Сазонов написал ее на клочке, оторванном от бумажного мешка с цементом. Я решил любой ценой еще раз повидать Алексея. Он догадывался, что я собираю лагерную поэзию, а потом я и сам ему признался. Приближаться к баракам пленных было запрещено, но я все равно после вечерней поверки подкрался к разделявшему нас заграждению и стал думать, как бы подозвать кого-нибудь из сотен русских военнопленных. Но мне повезло. Через дыру в заборе я увидел, что около барака сидят несколько человек, а среди них полуживой, избитый Алексей. Я негромко позвал: «Сазонов! Это я, Алекс, поляк». Я хорошо помню: он пополз в мою сторону, хотел опереться рукой на лежащее бревно, но тут налетел сволочь немец, из тех, с зеленой нашивкой, из рецидивистов-уголовников, ударил Сазонова палкой и, ругаясь, стал пинать ногами. Поверьте, у меня навечно остались в памяти судорожно сжатые тонкие пальцы Алексея, по которым текла кровь. И его громкий крик «Алеша, ты только не забудь, не забудь!» Меня он звал Алешей. Боже мой, в ту ночь я не мог заснуть. «Гекатомбу» я перевел на польский и пел все время, пока сидел в этом проклятом Заксенхаузене.

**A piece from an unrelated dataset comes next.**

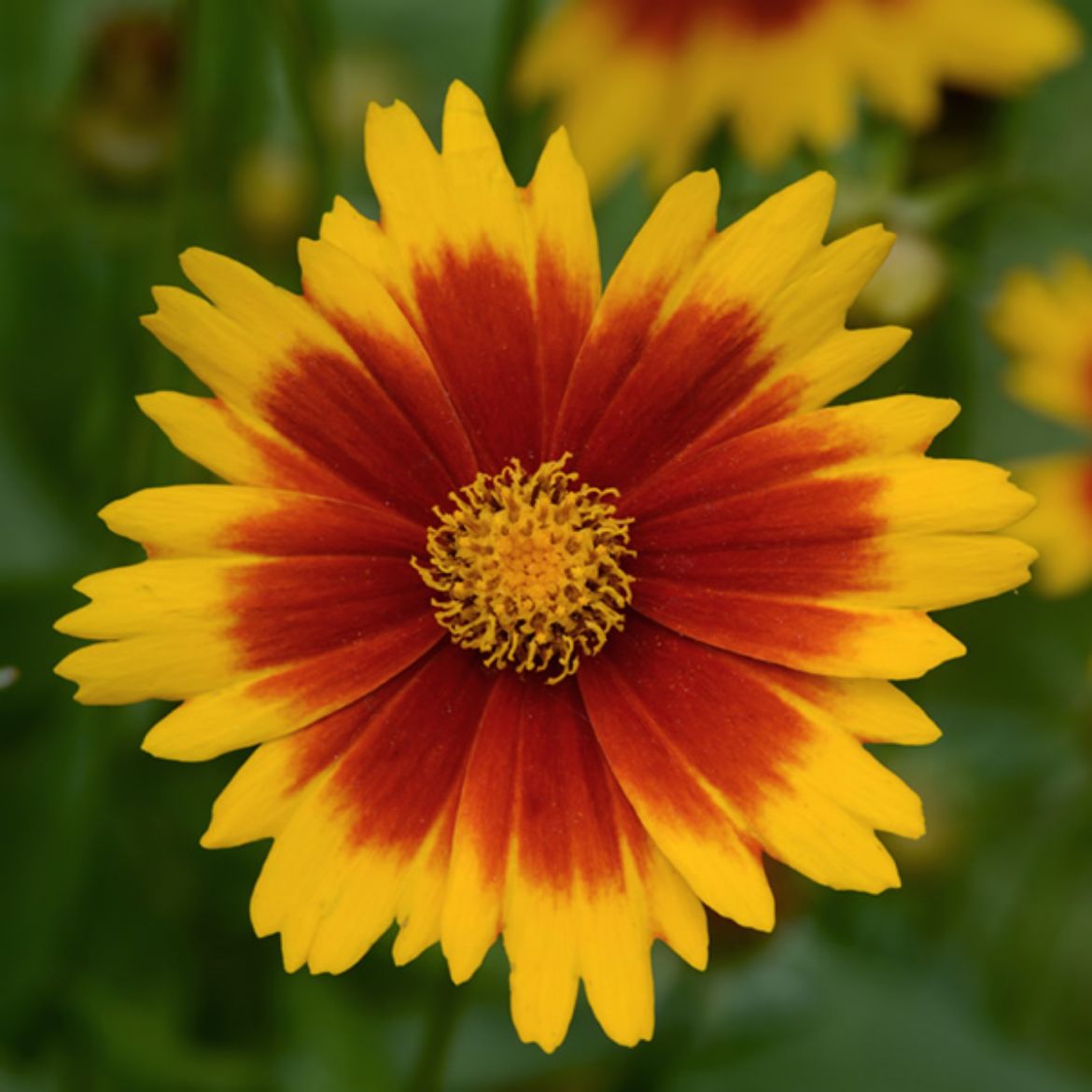 Picture of Coreopsis UpTick™ Gold & Bronze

А потом в апреле 1945 года нас вывели из Заксенхаузена, каждый получил по буханке хлеба, и начался марш смерти: мы шли почти две недели. Да. Тогда я думал, что из-за голода утрачу весь свой, как я его называл, внутренний архив. Да, да. Нас загнали в лес неподалеку от Витштока. Несколько тысяч живых скелетов — мужчин, женщин, детей; охранники окружили нас, и мы могли делать все, что вздумается. Эсэсовцы ржали: «Macht, was wir wollen!» — делайте, что хотите, лишь поскорее подыхайте.
Достаточно будет сказать, что кора на деревьях в лесу Витшток была обглодана на высоту 80—90 сантиметров, то есть докуда мог дотянуться человек, стоящий на коленях. Некоторые заключенные совершенно обезумели от голода. Это был подлинный ад. Марш смерти длился десять дней. На его пути осталось более 20 тысяч узников. А те, что еще были живы… Их (свыше 20 тысяч мужчин и женщин) оцепили в Витштокском лесу колючей проволокой, в течение пяти дней не давали ни крошки еды и великодушно дозволили подыхать. И там я подвел последний итог всему тому, чем загрузил свою память, отчаянно припоминая забытые строчки на нескольких языках. Я чувствовал, что постепенно угасаю. Однако память продолжала работать. Я старался оставаться собирателем последних стихов».